How TDS can be Controlled?
There are multiple ways to control TDS levels in your water supply. Which method is best depends on the type and nature of the contaminants.
Reverse Osmosis (RO)
This is a method that removes TDS by pushing water through a synthetic membrane.
The RO membrane has very minute pores that only allow molecules smaller than 0.0001 microns to pass. This is enough to sufficiently reduce the amount of TDS in water.
In this technique, water is boiled to the point of evaporation. The water vapors are then passed to a different cool surface.
The vapors condense to give purified water without any of the salts as they were unable to vaporize. This is a very effective technique but more suitable for laboratories than households.
A relatively more recent solution for homes, deionization uses electrodes to remove cations in water.
This system passes the water through a positive and negative electrode to separate the positive ions.
The remaining content is deionized water with high purity. However, this water needs additional filtering to remove non-ionic impurities.

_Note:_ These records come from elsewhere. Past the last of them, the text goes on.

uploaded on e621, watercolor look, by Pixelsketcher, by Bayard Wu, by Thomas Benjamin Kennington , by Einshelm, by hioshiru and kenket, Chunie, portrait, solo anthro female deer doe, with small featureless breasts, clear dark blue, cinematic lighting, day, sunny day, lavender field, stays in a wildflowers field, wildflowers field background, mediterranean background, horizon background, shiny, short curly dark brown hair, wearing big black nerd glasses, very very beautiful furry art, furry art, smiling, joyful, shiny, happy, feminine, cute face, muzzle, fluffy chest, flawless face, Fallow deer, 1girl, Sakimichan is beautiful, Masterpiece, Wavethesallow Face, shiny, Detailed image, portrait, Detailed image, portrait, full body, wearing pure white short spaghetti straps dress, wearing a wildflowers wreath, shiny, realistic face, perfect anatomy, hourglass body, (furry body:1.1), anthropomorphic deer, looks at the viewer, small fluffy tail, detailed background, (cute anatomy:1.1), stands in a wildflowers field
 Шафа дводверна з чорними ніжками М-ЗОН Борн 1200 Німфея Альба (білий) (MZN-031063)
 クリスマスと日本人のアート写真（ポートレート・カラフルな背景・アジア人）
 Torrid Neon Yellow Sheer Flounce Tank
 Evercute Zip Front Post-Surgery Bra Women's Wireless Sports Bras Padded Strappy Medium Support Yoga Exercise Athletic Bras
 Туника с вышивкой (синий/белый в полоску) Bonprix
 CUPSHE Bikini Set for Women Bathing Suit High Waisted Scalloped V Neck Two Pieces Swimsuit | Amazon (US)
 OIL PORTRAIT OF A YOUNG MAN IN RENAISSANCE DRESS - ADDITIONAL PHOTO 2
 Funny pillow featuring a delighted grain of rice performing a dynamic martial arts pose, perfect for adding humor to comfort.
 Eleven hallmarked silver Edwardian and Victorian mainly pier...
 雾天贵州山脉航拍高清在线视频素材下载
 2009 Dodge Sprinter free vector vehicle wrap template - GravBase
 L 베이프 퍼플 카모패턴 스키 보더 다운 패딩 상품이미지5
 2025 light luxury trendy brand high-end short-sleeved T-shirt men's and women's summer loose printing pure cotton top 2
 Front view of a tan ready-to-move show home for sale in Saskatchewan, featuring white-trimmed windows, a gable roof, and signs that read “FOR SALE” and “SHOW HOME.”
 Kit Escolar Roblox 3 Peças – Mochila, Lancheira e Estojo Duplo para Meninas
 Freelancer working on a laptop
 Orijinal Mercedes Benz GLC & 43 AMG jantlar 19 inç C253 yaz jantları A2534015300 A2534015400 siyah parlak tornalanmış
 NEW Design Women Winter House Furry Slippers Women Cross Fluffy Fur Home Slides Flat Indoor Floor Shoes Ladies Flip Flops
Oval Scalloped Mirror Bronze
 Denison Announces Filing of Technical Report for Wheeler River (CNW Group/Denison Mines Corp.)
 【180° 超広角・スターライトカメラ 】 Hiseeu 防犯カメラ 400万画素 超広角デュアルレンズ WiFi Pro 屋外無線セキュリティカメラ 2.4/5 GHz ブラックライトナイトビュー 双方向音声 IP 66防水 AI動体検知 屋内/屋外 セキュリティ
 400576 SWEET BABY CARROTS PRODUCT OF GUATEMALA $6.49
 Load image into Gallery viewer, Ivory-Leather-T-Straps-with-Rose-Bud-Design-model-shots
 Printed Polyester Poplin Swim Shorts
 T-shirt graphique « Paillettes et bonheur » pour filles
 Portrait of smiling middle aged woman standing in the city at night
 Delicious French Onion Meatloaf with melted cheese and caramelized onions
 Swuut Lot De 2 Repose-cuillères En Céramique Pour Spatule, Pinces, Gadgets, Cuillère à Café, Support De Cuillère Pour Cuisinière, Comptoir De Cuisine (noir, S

To select a suitable method, you may conduct some advanced tests by sending a water sample to a certified lab. In general, reverse osmosis is the most popular solution to control TDS.
TDS, or total dissolved solids, is exactly what the name indicates. It is the sum of the solids dissolved in water, which usually involves charged ions. TDS comprises both organic and inorganic materials and its composition varies across water sources.
There is an ideal amount of TDS that affects the water’s potability and aesthetics. Levels of TDS below or above that ideal amount can compromise the drinking experience.
Though water with high levels of TDS isn’t dangerous for adult consumption, it has various disadvantages. The amount of TDS present in water can be measured using a variety of tools.
The ideal amount of TDS in water ranges from 50 PPM to 350 PPM. One can control the amount of TDS in their drinking water by any of the three processes. These are reverse osmosis, distillation, and deionization.